- Given data -
□ □ □

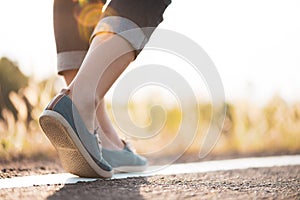 Closeup woman walking towards on the road side. Step concept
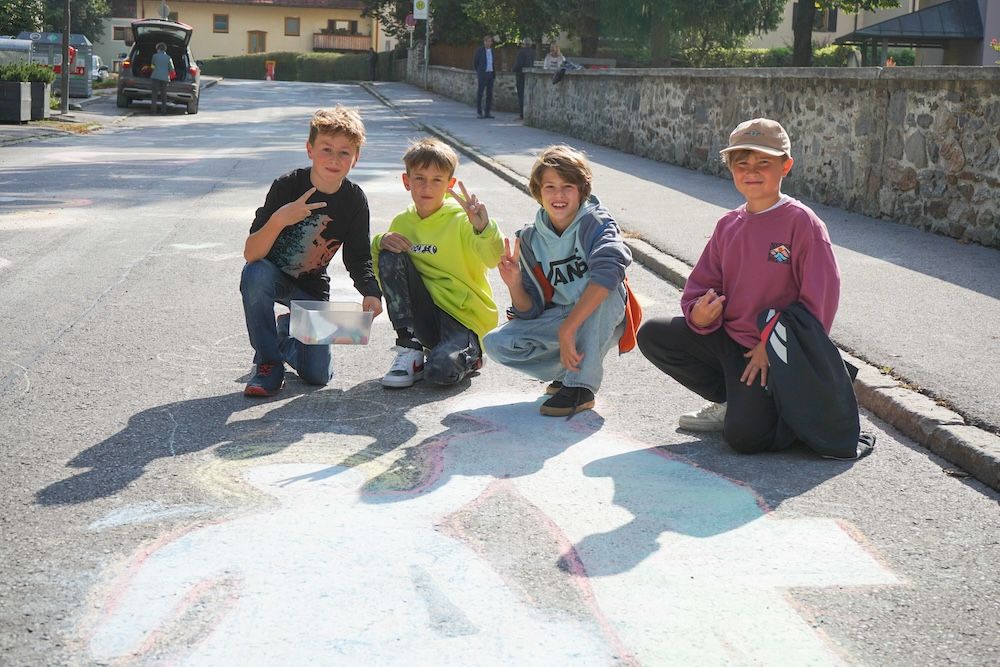 Vier Kinder posieren fröhlich auf einer Straße, umgeben von farbiger Kreidekunst und einer entspannten Atmosphäre.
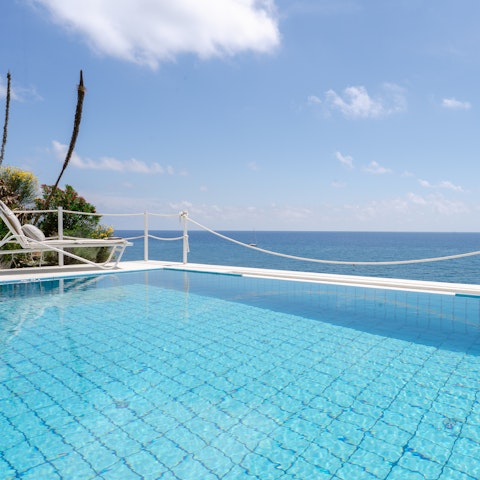 Spend serene days stretched out by the cliffside pool
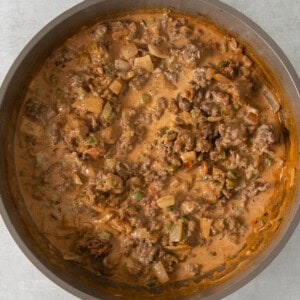 a skillet filled with meat and vegetables.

□ □ □

After removing the pictures, transcribe the listing above exactly.

 Closeup woman walking towards on the road side. Step concept
 Vier Kinder posieren fröhlich auf einer Straße, umgeben von farbiger Kreidekunst und einer entspannten Atmosphäre.
 Spend serene days stretched out by the cliffside pool
 a skillet filled with meat and vegetables.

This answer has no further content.